Der Bezirk Unterfranken hat am Mittwoch auf dem Gelände des psychiatrischen Bezirkskrankenhauses (BKH) Lohr ein neues Mahnmal für die Euthanasieopfer während der NS-Diktatur eingeweiht. Das Werk »Turm der Erinnerung« der Bildhauerin Heike Metz auf dem Vorplatz des Festsaals soll an rund 600 Patienten erinnern, die von den Nationalsozialisten ab 1940 aus Lohr verlegt und ermordet wurden.
Es ist bereits das zweite Mahnmal für die Lohrer Euthanasieopfer. Das erste, das Bronzerelief »Finaler Adam« von Rainer Stoltz, verlief 23 Jahre lang quer im Boden eines der Hauptwege am Verwaltungsgebäude. Der Künstler ließ es im Sommer 2016 abbauen, weil es durch den Verkehr beschädigt worden war.
»Wer sich vor seinen Erinnerungen fürchtet, ist feige«, zitierte Bezirkstagspräsident Erwin Dotzel den Schriftsteller Elias Canetti. Es gebe in der deutschen Geschichte viel Furchterregendes, wozu auch die Euthanasie-Aktion während der NS-Zeit gehöre. Das sei eine »Erinnerung, der wir uns stellen müssen«.
Das Mahnmal stellt nach Dotzels Worten eine »besondere Facette der Erinnerungskultur« dar. Der »Turm der Erinnerung« stehe zentral in einem von Bäumen und Hecken bewachsenen Park und direkt vor dem Festsaal. Damit stelle das Mahnmal einen Bezug zur umgebenden Architektur her, »lädt aber zugleich zu einem kontemplativen Verweilen ein«.
Die Geschichte der Ermordung seelisch, geistig und körperlich kranker Menschen, des sogenannten »lebensunwerten Lebens«, im NS-Staat rekapitulierte der Mediziner, Psychiater und Autor Michael von Cranach. Nach seinen Angaben wurden zwischen September 1939 und August 1941 rund 70000 Menschen bei der »Aktion T4« ermordet, benannt nach der Tiergartenstraße 4 in Berlin, von wo aus die Vernichtungsaktion koordiniert wurde.
Dann folgte wegen der Unruhe in der Bevölkerung und des Widerstands der Kirchen ein Stopp. Anschließend wurden laut Cranach die Opfer nicht mehr in Tötungsanstalten abtransportiert und mit Kohlenmonoxid vergast, sondern das Töten sei in den Kliniken auf andere Art weitergegangen – unter anderem durch Todesspritzen, Vernachlässigung und Verhungern. Die Gesamtzahl der Opfer bezifferte Cranach auf mindestens 270000.

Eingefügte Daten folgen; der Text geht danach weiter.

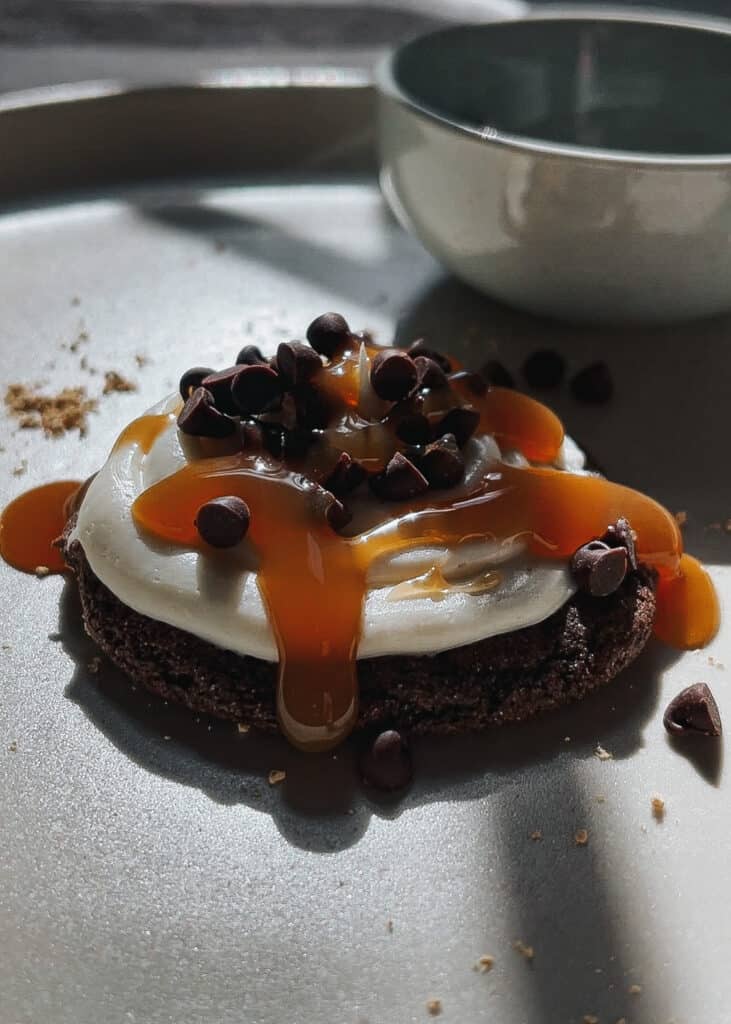 chocolate cookie with icing and caramel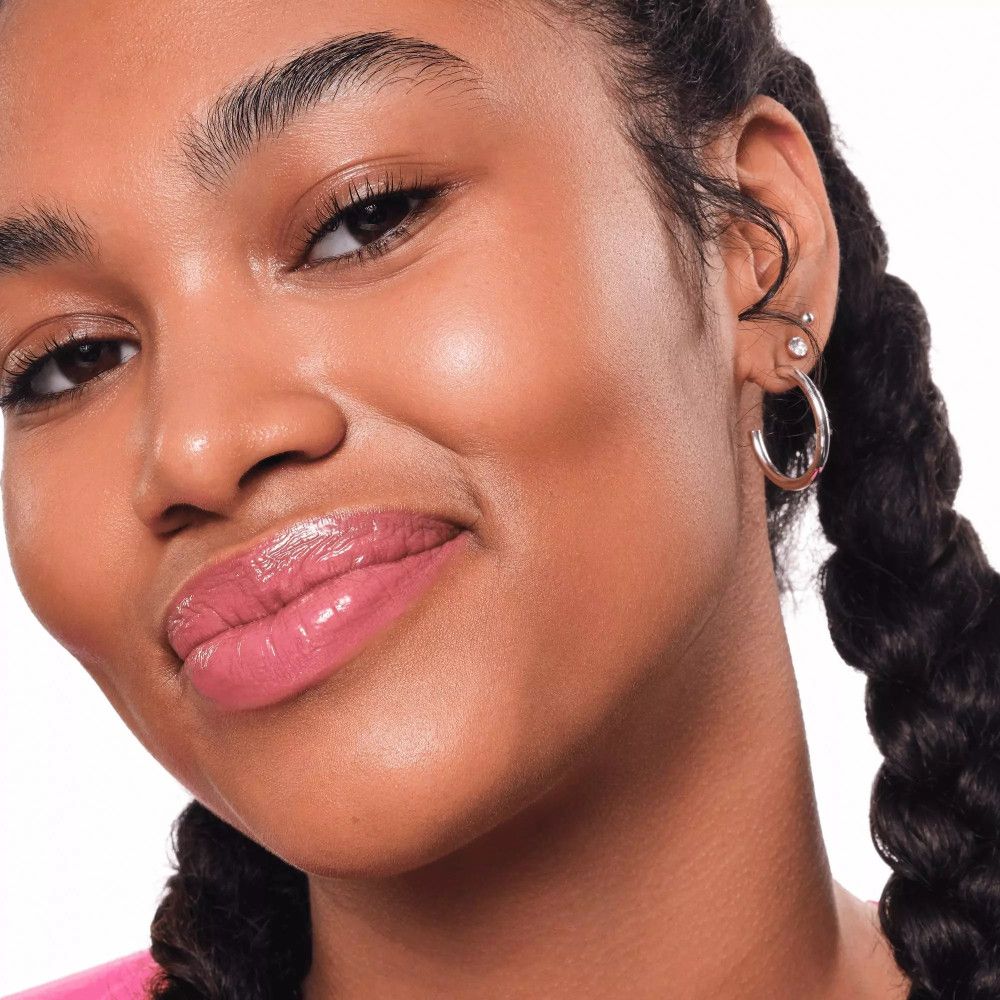 Porträt einer Frau mit rosa Lipgloss. Dunkle Haut, geflochtene Haare. Nahaufnahme.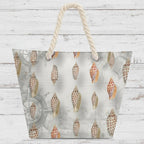 Tote bag with shell pattern and rope handle on a rustic wood background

»Wie konnte es passieren, dass gebildete Menschen, die Elite der deutschen Ärzteschaft, die christlich erzogen wurden, so etwas taten?«, fragte der Autor. Wenn man genau hinschaue, erkenne man, dass es kein rein nationalsozialistisches Programm gewesen sei, »es war ein psychiatrisches Programm«. Die Nationalsozialisten hätten nur die »Türen geöffnet für etwas, was schon seit Jahrzehnten in den Köpfen war«.
Menschenwürde und Psychiatrie, zwei Errungenschaften der französischen Revolution, seien während der Umwälzungen durch die industrielle Revolution von sozialdarwinistischen Vorstellungen zurückgedrängt worden, die den Menschen unterschiedliche Werte zuwiesen. In den groß gewordenen Psychiatrien sei der therapeutische Elan erlahmt, so Cranach.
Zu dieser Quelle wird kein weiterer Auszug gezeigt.